En los últimos años, incitado e invitado por Laura, hemos hecho del campamento un momento indispensable de desconexión casi absoluta por unos días. No hay televisiones, computadoras, deberes laborales, reuniones ni películas. Lo más cercano a la vida en estado natural, podríamos decir, en este vertiginoso siglo.
Ahora mismo escribo esta página en la playa, con el ruido sereno de las palmas agitadas por un viento suave, y en el horizonte, los cerros verdes que rodean este pedazo del Océano Pacífico, acompañado por las olas del mar matutino en calma.

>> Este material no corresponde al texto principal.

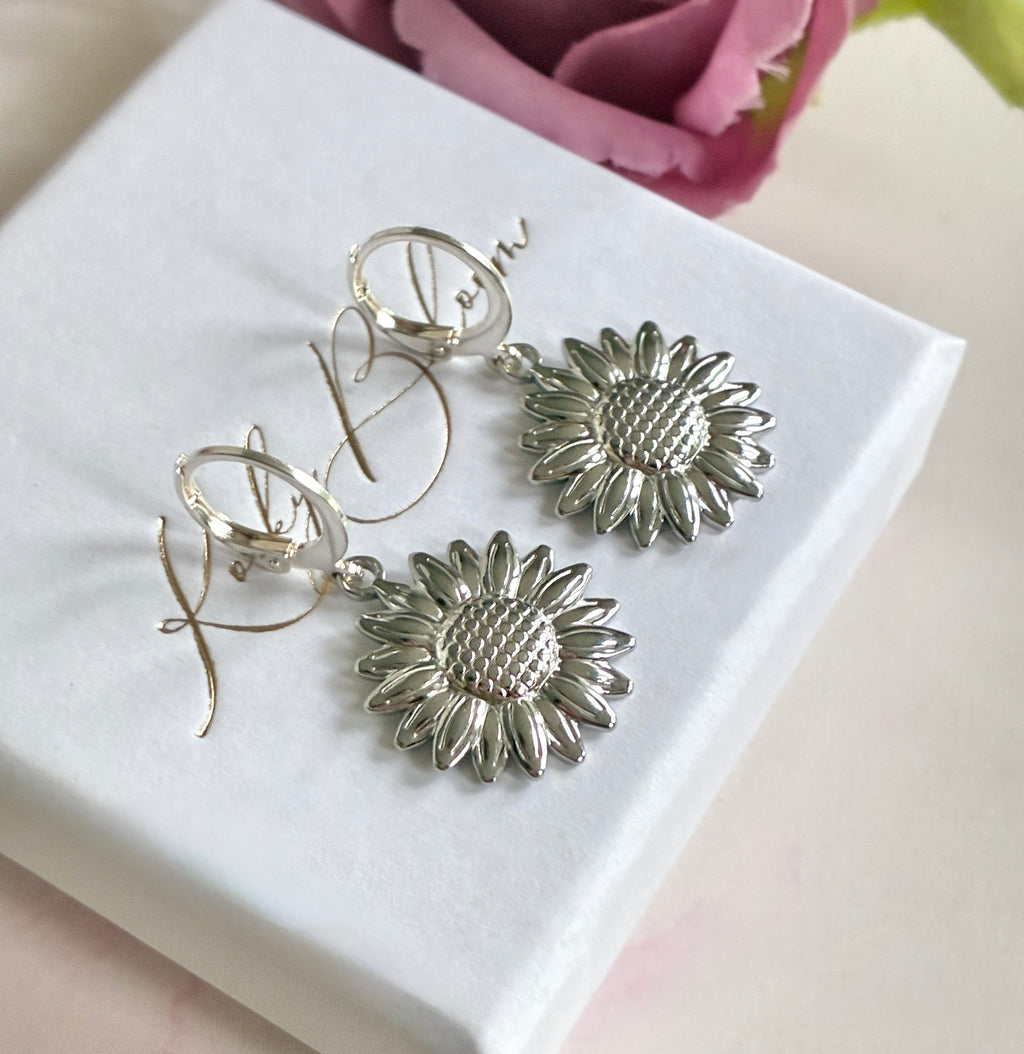 Silver Sunflower huggie earrings.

En este oasis uno puede desconectarse del trabajo, pero no del aprendizaje. Se aprende mucho en un campamento, eliminados los prejuicios de la comodidad habitual.
Se aprende, por ejemplo, a planificar: dónde instalar la casa de campaña, por el sol, los vientos, la privacidad, la cercanía a un baño, la preparación de alimentos. Y antes, por supuesto, todo lo que se necesita para llegar y permanecer.

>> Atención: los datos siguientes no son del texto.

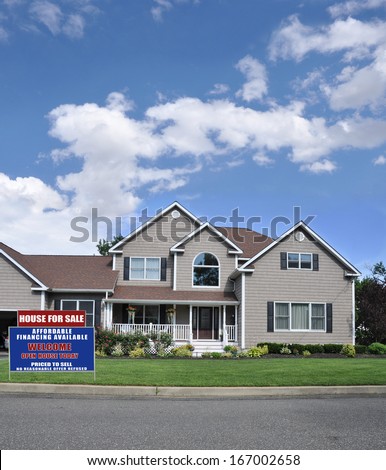 Real Estate For Sale Sign Front yard lawn Suburban McMansion style Home with flowers beautifully landscaped Residential Neighborhood USA Blue Sky Clouds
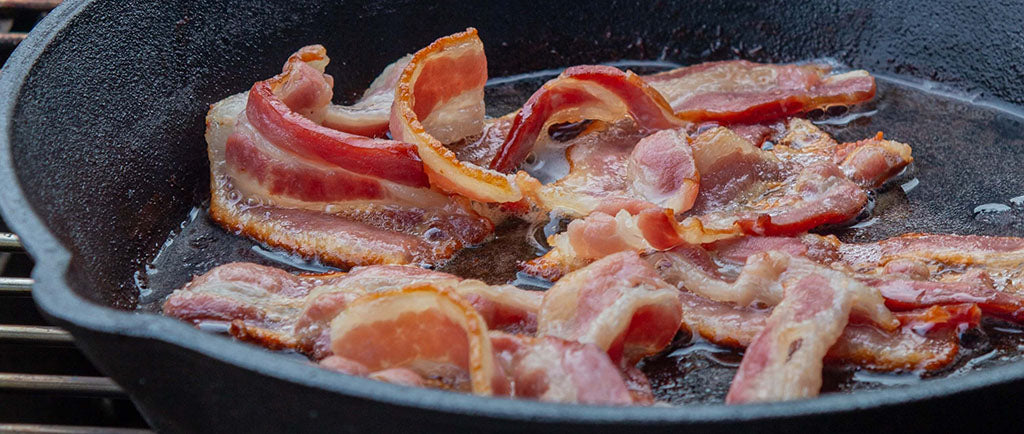 An assortment of uncooked bacon sizzle in a dark grey frying pan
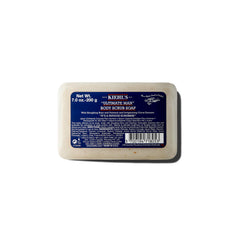 Kiehl's Ultimate Man Body Scrub close-up shows exfoliating texture with oat bran for smooth skin.
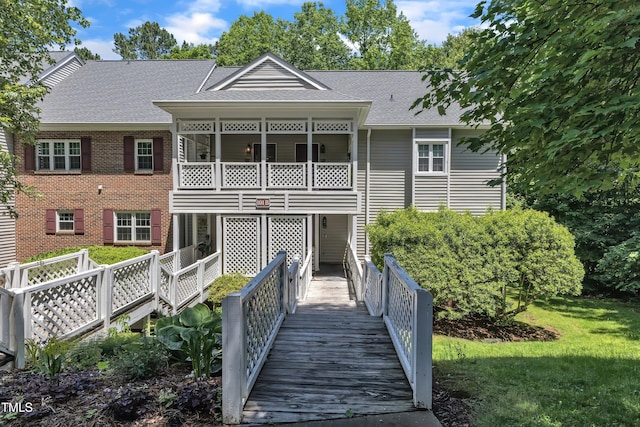 back of property featuring a shingled roof, brick siding, and a yard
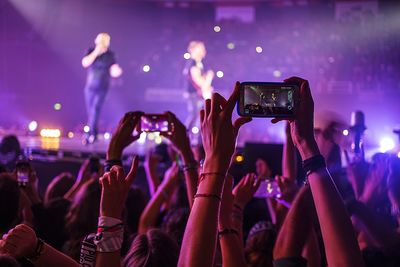 Rear view of people photographing at concert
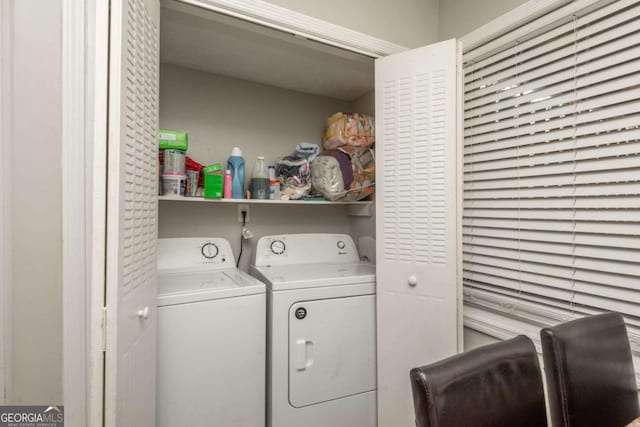 laundry room with independent washer and dryer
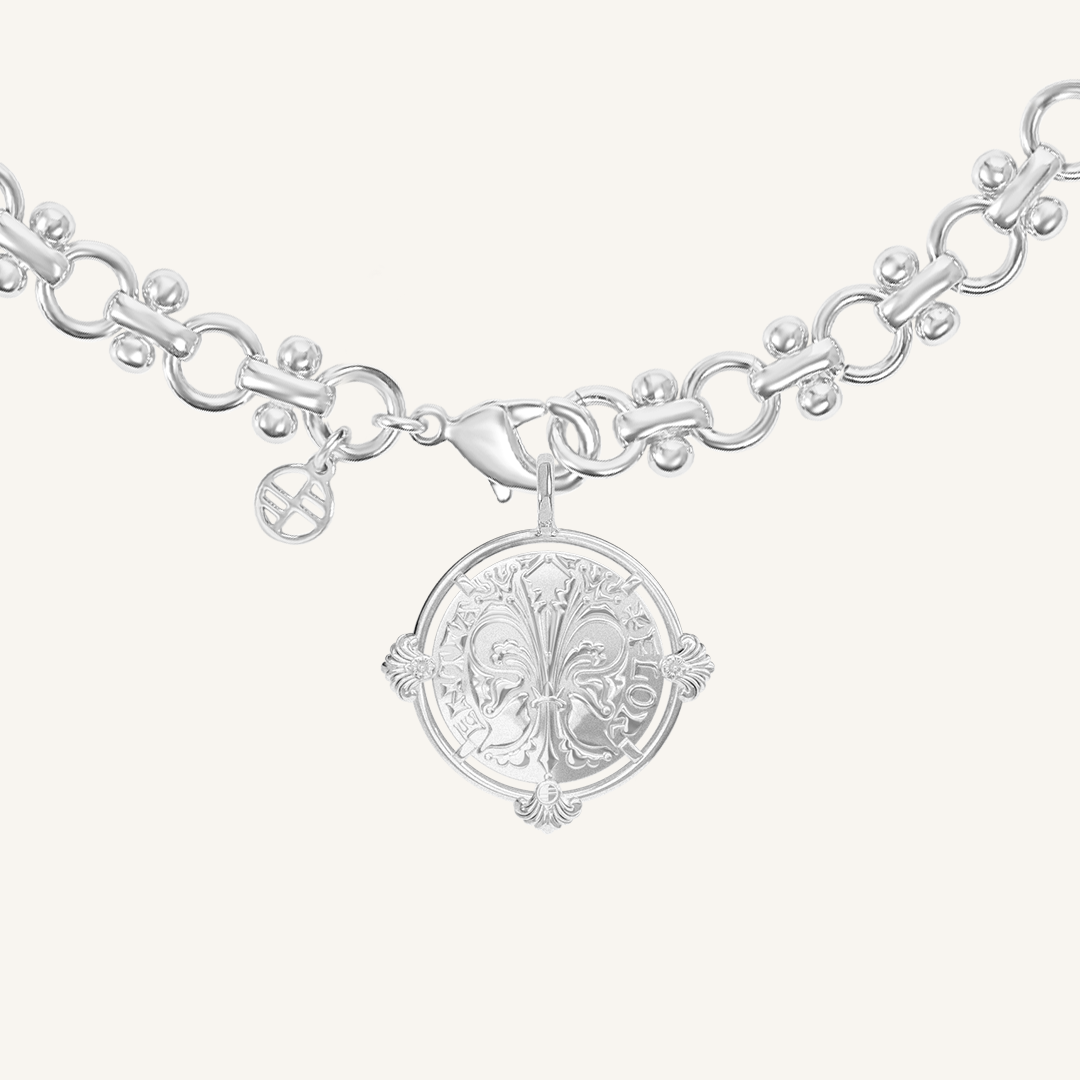 silver chain necklace inspired by Eiffel tower architecture with silver pendant featuring intricate patterns inspired by Palace of Versailles on a plain background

Se aprende a organizar: la colocación de alimentos, el agua, la ropa, el fuego, la mesa, las sillas, la limpieza, los tiempos y tareas.
Insustituible aprendizaje es aprender a convivir con uno mismo, con los silencios, el canto polifónico del mar o la montaña; la austeridad y el ahorro del agua, del fuego, de la comida, de la carga del celular, del respeto a los otros, los que no conoces, pero llegarán al día siguiente o algún día.
Es verdad que no se tiene la televisión con pantalla gigante y 200 canales, o las plataformas de programas y películas, aire acondicionado, baño personal, el internet más poderoso, un refrigerador abastecido o el Oxxo a la vuelta de la esquina, pero se tienen otras muchas y más valiosas compañías: la de la persona que elegiste o te eligió para sentarse horas y horas a contemplar el mar, bañarse en sus aguas, caminar al horizonte inalcanzable al despertar, preparar juntos la comida. Y para estar solo con uno mismo, perderse el miedo a sí y a la soledad, reconocerse un poquito más y valorar la oportunidad de estar vivo, sano y donde elegiste.
Eudaimonía, la llamaban los antiguos filósofos griegos.